To be fair, Hostin has plenty in her life to smile about right now. She lives the best of both city life (at work in Manhattan) and suburban life (at home in Westchester, where she loves to garden and tend to her bee hives and chicken coop). She’s killing it as part of the tight-knit “sorority” of diverse co-hosts on “The View” (alongside Whoopi Goldberg, Joy Behar, Meghan McCain, and Abby Huntsman) and as the Senior Legal Correspondent (for which she’s an Emmy-winner)for ABC News. She co-owns a restaurant in New Rochelle called Alvin & Friends that counts Supreme Court Justice Sonia Sotomayor as a regular. And, most importantly in her eyes, she’s enjoying a thriving relationship with her teenage son, Gabriel, and tween daughter, Paloma.

“My son is 16 and my daughter is 12 … and I have loved every single stage of being a mom, and I feel like it gets better and better,” she gushes. “Everyone told me that it gets harder … But I just feel like it’s not that it gets harder, it just changes. It’s an important job, being a mom, and I’ve loved every single minute of it.”

Hostin, 50, also truly loves the work she does. A lawyer who long harbored dreams of being on television, Hostin came to “The View” via a career path paved first with a law degree and her natural gift for public speaking, and stints at Court TV, Fox News, and CNN.

“[Growing up], I definitely wanted to be a journalist and I wanted to tell other people’s stories. But at the time, and this was pre-Oprah, my mother was horrified at the thought of her kid who was smart and who she had invested so much in saying: ‘I want to do television!’ She was like: ‘No one looks like you on television! What are you talking about?’ She really didn’t get it, that I wanted to tell other people’s stories,” Hostin recalls, adding that though her father encouraged her dreams, her mother advised her to pursue law school. “I loved law school and it was such a great fit for me, but in the back of mind I kept thinking: ‘I really should be doing something else.’”

After studying journalism undergrad at SUNY Binghamton and then going to law school at Notre Dame, Hostin went on to work as a trial attorney for the Justice Department and federal prosecutor before deciding to give the stay-at-home-mom life a try after giving birth to her son. “After I had my son, I thought I was going to be a stay-at-home mom, but that wasn’t a great fit because I was driving everyone crazy,” she says. “I decided I was going to be the best stay-at-home mom ever!
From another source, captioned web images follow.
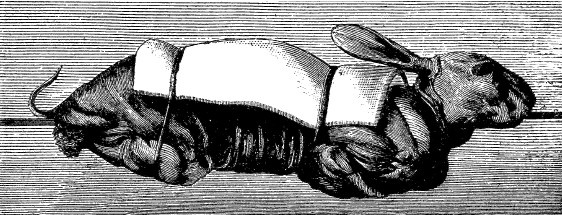 Иллюстрация к книге — Непридуманная история русских продуктов. От Киевской Руси до СССР [i_199.jpg]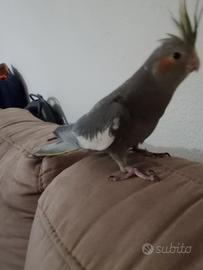 Pappagallo Calopsite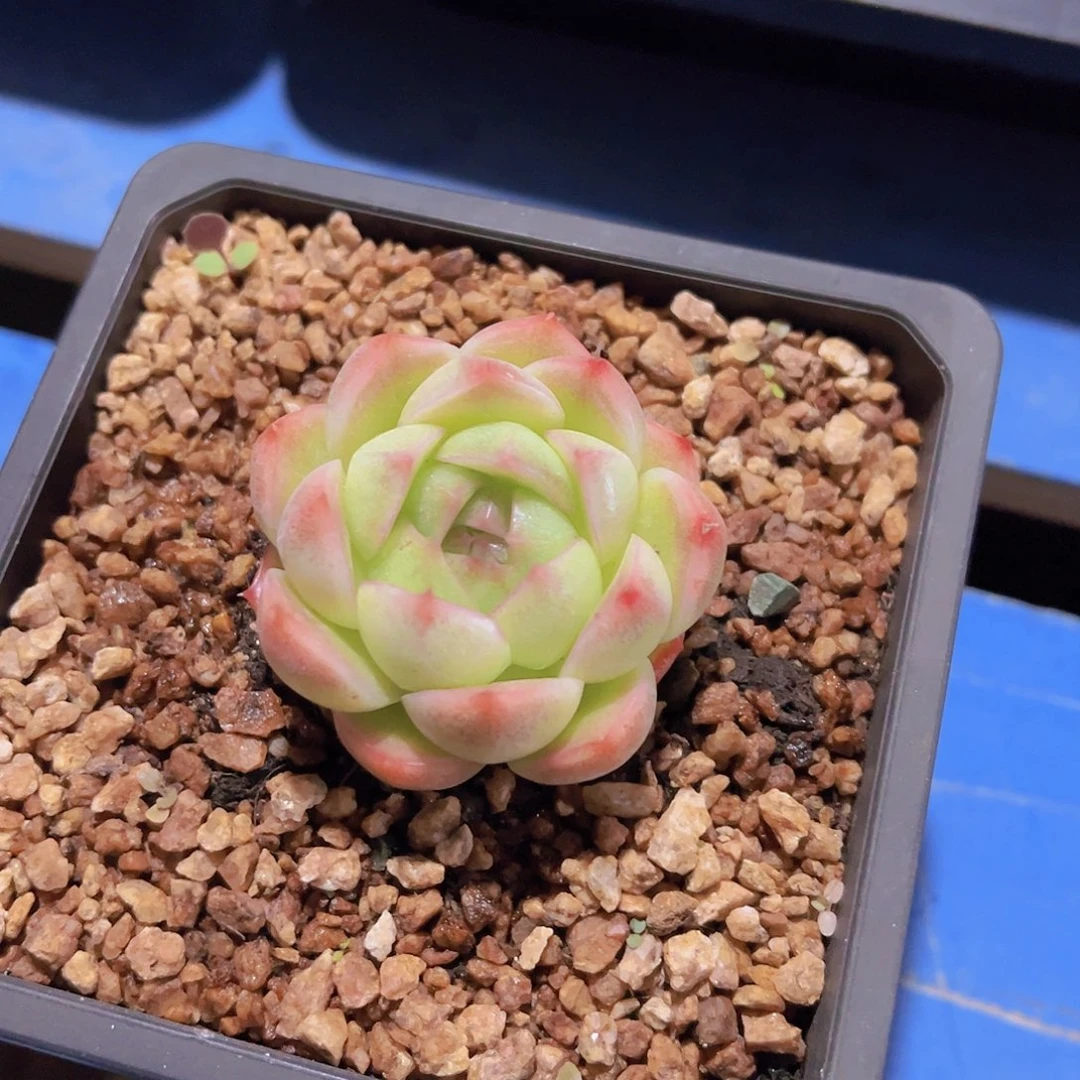 拒**虑珍妮，多肉植物，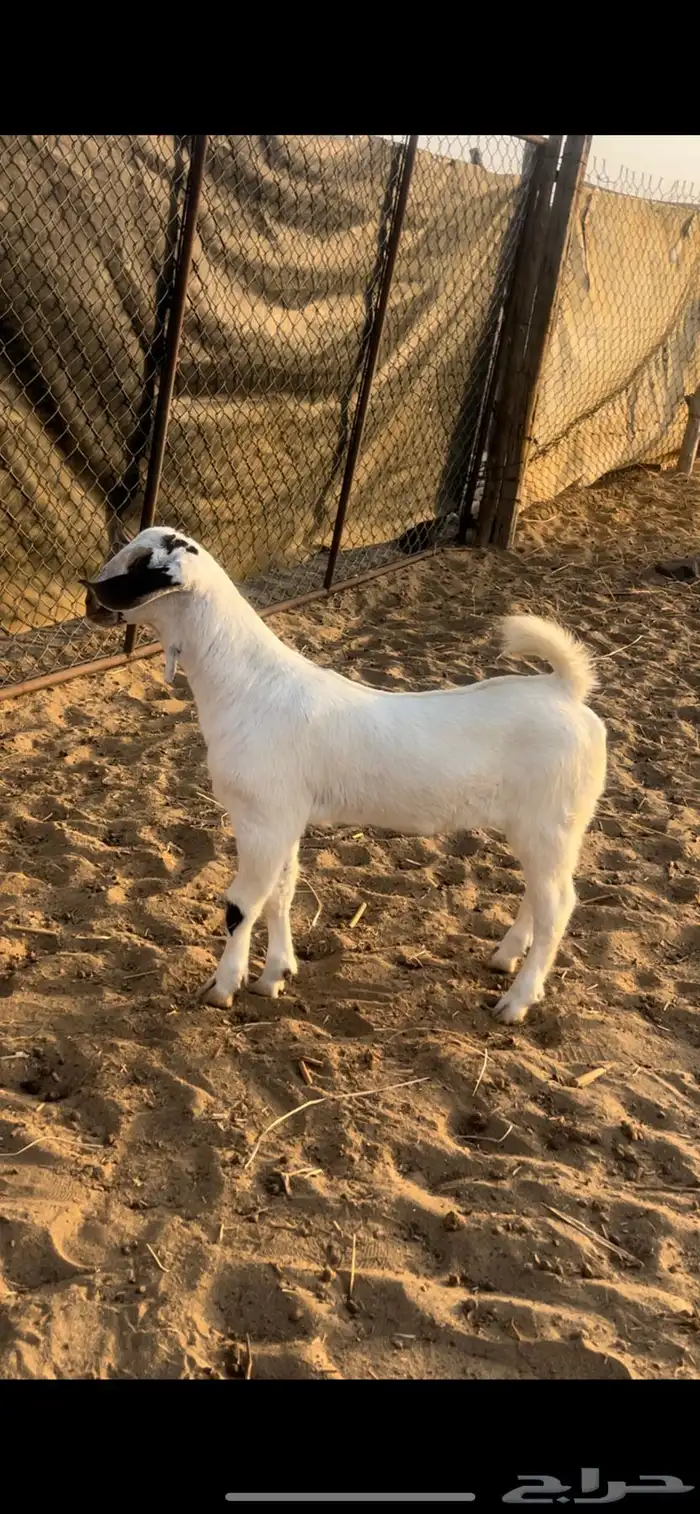مشاريع تيوس 0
I was making my own food for Gabriel and I was the best dog owner and the best gardener and it was just too much.”

During this time, Hostin attended a law conference where she was called upon to speak in public—afterwards, she was approached by Sabrina Thompson, a producer for Court TV, who complimented her on her speaking prowess. Two weeks later, Hostin was on-air on Court TV; about six months after that, she was making appearances on “Nancy Grace” and Fox News; and another short six months later, she was a regular on CNN as a host and legal analyst. Eventually, she came to ABC as an overnight anchor for ABC News, and began guest-hosting on “The View” in 2012, where she has now been an official co-host since 2016.

During a moment of calm between taping an episode of “The View,” and rushing back to Westchester to gather snacks for her daughter’s basketball game that day (“I’m the 7th grade basketball parent ... I’m the one who brings the snacks”), I caught up with Hostin about balancing city and country, work and family, and her personal passions and hobbies (“You know who I got into bees? Whoopi Goldberg! She’s becoming a beekeeper this spring!”).

Your kids are 16 and 12—how has the adjustment been as a mom as your kids get older?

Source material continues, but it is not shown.